§ WHAT NEEDS TO BE DONE: The task requires restating, word for word, the lines of the entries below from the one containing "Immunohistochemistry-Paraffin: WIPF1/WIP Antibody" through the final one, both included.

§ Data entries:
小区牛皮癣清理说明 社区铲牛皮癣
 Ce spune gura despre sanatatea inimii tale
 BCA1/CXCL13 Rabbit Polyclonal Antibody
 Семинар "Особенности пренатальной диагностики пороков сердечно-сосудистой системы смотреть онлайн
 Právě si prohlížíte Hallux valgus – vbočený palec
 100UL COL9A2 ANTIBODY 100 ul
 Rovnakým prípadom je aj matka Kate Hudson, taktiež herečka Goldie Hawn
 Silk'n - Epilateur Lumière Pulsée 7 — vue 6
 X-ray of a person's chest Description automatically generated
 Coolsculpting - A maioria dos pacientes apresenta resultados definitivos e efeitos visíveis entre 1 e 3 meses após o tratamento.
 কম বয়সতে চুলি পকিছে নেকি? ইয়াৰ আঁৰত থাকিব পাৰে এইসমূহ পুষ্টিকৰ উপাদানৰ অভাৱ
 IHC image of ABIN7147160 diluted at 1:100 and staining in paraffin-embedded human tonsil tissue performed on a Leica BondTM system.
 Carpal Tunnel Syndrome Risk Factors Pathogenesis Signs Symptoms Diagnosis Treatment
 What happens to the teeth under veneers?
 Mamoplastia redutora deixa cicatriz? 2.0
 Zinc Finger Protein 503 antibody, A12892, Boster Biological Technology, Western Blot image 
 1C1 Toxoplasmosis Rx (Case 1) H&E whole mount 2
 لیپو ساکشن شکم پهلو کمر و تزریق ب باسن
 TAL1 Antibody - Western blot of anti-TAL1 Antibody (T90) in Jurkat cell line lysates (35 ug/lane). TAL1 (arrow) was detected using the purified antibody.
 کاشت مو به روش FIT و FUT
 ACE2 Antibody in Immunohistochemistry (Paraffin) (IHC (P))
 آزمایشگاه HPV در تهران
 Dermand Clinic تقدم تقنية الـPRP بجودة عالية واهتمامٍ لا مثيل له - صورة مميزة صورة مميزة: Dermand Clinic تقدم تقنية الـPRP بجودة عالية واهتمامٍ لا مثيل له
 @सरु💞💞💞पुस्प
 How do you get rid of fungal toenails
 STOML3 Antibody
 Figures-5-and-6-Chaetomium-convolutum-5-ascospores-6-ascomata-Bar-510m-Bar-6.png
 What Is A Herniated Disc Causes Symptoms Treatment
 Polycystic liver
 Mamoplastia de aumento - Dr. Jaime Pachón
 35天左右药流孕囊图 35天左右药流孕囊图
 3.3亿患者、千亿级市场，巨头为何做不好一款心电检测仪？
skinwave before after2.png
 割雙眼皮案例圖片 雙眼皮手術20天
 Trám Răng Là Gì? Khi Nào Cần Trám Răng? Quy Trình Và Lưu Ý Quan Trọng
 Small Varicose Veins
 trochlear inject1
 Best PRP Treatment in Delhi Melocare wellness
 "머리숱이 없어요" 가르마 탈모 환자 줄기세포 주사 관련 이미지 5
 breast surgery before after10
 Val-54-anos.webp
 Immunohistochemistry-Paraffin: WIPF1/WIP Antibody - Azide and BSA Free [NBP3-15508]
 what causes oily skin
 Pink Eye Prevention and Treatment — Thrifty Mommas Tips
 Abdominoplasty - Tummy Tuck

§ RESULT:
 Immunohistochemistry-Paraffin: WIPF1/WIP Antibody - Azide and BSA Free [NBP3-15508]
 what causes oily skin
 Pink Eye Prevention and Treatment — Thrifty Mommas Tips
 Abdominoplasty - Tummy Tuck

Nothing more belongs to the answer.